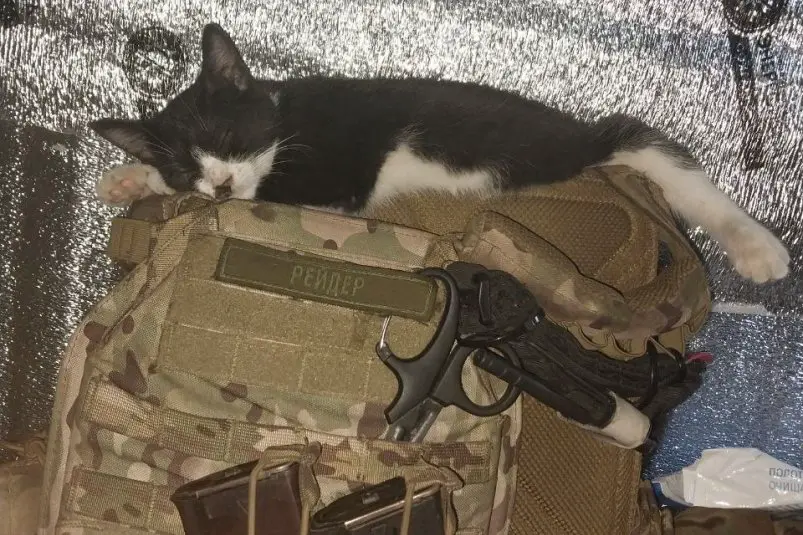 Минуты отдыха Фото предоставлено автором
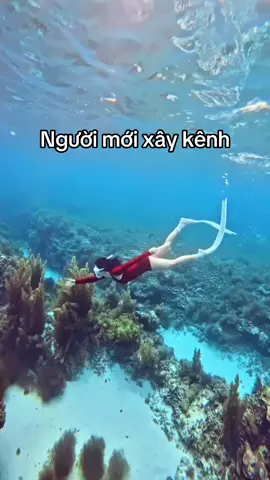 Cùng nhau xây kênh nhé các bà #nguoimoixaykenh #tapxaykenh #flowcheo 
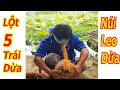 Lột dừa Bằng Răng. Bịt Mắt Lột 5 Trái Dừa Khô . Peel off coconut with your teeth .Thanh Hoai KG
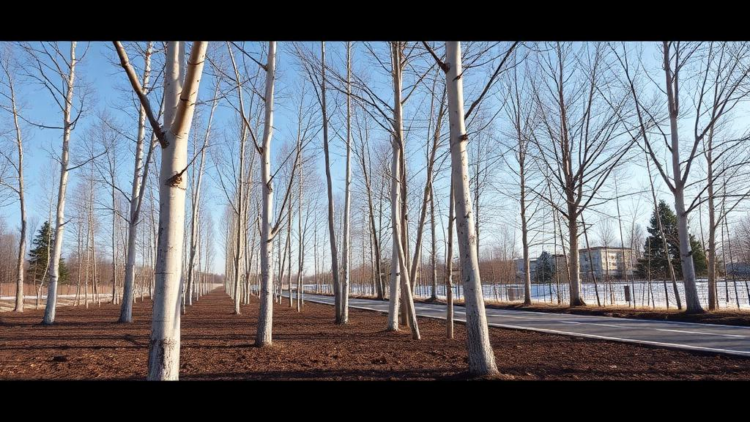 Road Sweepings Turned Into Soil Grow Healthy Silver Birch Trees in Year-Long Trial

> _Problem statement_
Without any pictures, restate word for word only the lines from the one with "Cùng nhau xây" through the end of the listing.

> _Completed task_
 Cùng nhau xây kênh nhé các bà #nguoimoixaykenh #tapxaykenh #flowcheo 
 Lột dừa Bằng Răng. Bịt Mắt Lột 5 Trái Dừa Khô . Peel off coconut with your teeth .Thanh Hoai KG
 Road Sweepings Turned Into Soil Grow Healthy Silver Birch Trees in Year-Long Trial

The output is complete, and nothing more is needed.